With a reputation built over decades, Duff & Phelps Opinions practice delivers high quality financial advice and fairness opinions that withstand the most rigorous scrutiny. Refinitiv ranks our opinions practice No. 1 for global fairness opinions for 2022.Contact Us
- Sell-side/buy-side mergers & acquisitions
- Spin-offs, split-ups, divestitures
- Going-private transactions
- Related-party transactions
- Down-round financing, minority investments, and other financing transactions
- Requirements pursuant to certain bond indentures and credit agreements
- Any transaction requiring a shareholder vote
- ESOP/ERISA transactions
Frequently Asked Questions
What is a fairness opinion?
- A fairness opinion is a letter delivered to a fiduciary (typically a company’s board of directors) as to whether or not a transaction is fair, from a financial point of view, to the company or a group of the company's security holders
- Does not indicate that highest/lowest or best price has been received/paid, as the case may be; instead a fairness opinion indicates that the price is in a range of fair values, or above or below the range, as the case may be
While not legally required, when are fairness opinions typically requested?
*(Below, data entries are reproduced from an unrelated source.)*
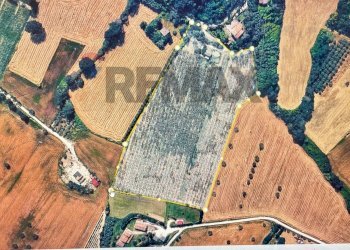Posizione della mappa - Terreno agricolo Contrada Castelnuovo
 
1, Recanati - foto 29
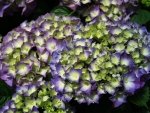 Hydrangea macrophylla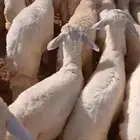 بهم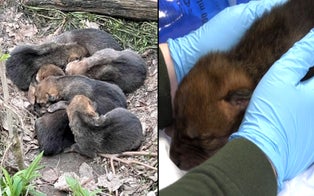Mexican Wolf Puppies Born at Zoo Placed in Wild Packs Across US to Help Boost Population of Endangered Species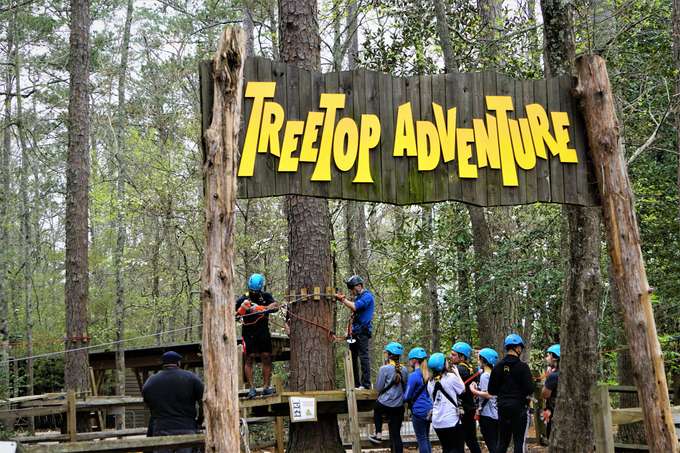 Treetop Challenge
- Virtually any publicly-traded company going private, merging, or engaging in a material or related-party transaction
- Private companies also get fairness opinions for related-party transactions, when there is potential for litigation, or if there is a large and diverse group of shareholders
What are the typical transactions where a fairness opinion may be needed?
- Recapitalizations and restructurings
- Stock repurchase transactions
- Corporate acquisitions and divestitures
- Mergers (sell-side and buy-side)
- Leveraged buyouts
- Going private transactions
- Squeeze outs
- ESOP/ERISA transactions
- High vote shareholders receiving greater consideration
- Insiders receiving different consideration
What is the purpose of a fairness opinion?
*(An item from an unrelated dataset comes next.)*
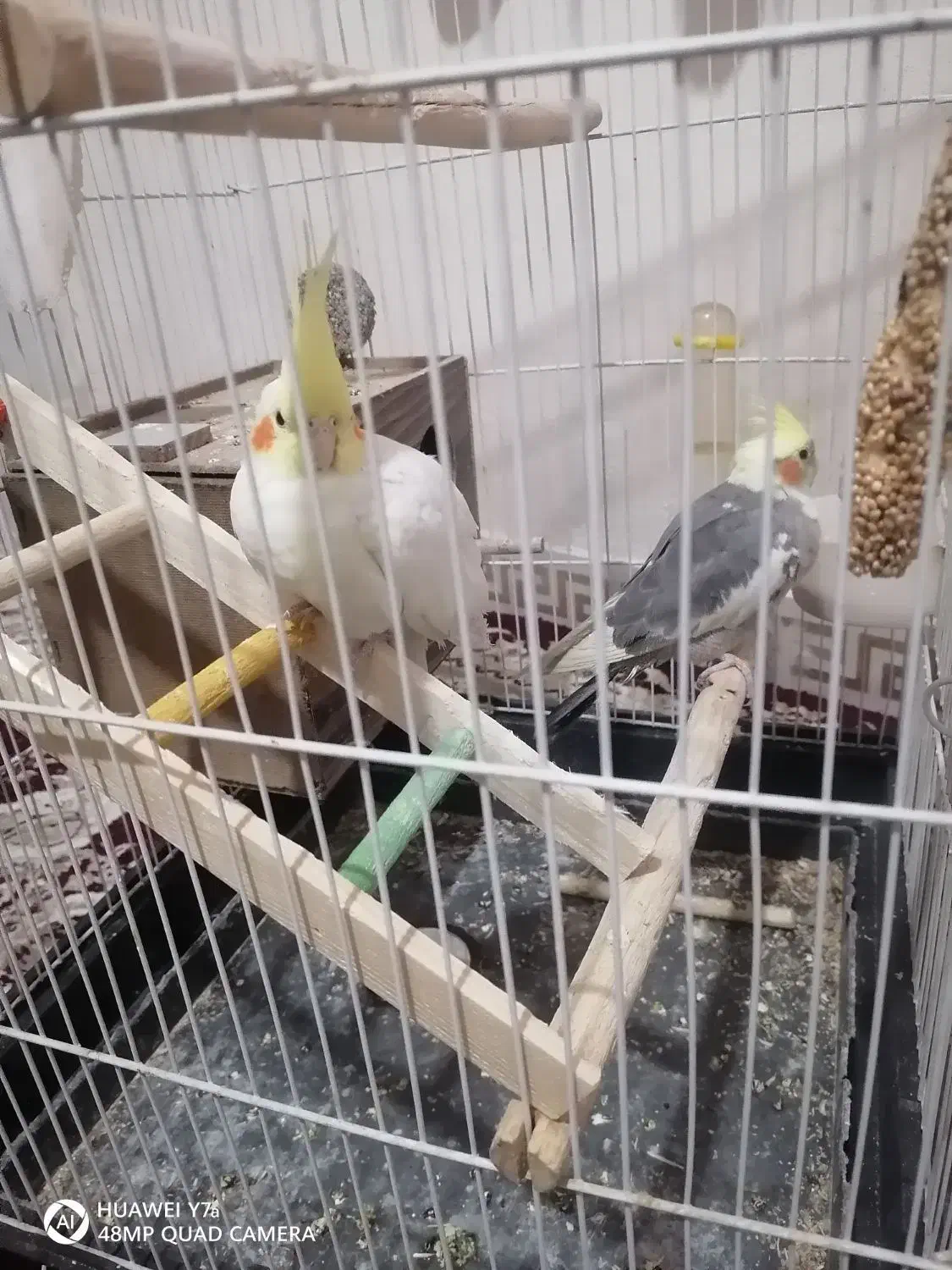 عروس هلندی نر و ماده دوتا قفس داره|پرنده|شاهدشهر, |دیوار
- Assists a board of directors in a decision-making process, supporting their duty to act on an informed basis
- Demonstrates the board of directors acted prudently
- Provides a line of defense in the event of post-deal litigation
What is the difference between a fairness opinion and a valuation?
- A fairness opinion will state that the economic terms of a transaction (i.e., price) is fair, from a financial point of view, to a particular stakeholder (i.e., the company or shareholders).
- A valuation will merely determine a valuation range based on certain commonly accepted valuation methodologies, with no conclusion regarding fairness to a particular stakeholder.
- Important to understand is how a valuation analysis is to be utilized by the engaging party.
- Meaning, if the engaging party is utilizing the valuation to support a decision making process in transaction where consideration is being exchanged, it is analogous to a fairness opinion.
- The situation above is very different from a valuation being utilized for tax, accounting or other corporate purposes.
- Most fairness opinions are supported by a fundamental valuation analysis, although in certain circumstances where fundamental valuation may not be applicable, a bespoke comparable transaction analysis may be the only methodology utilized.
When is a fairness opinion typically delivered?
- A fairness opinion is typically issued in conjunction with a board of directors’ (or other fidcuiary’s) approval of the transaction.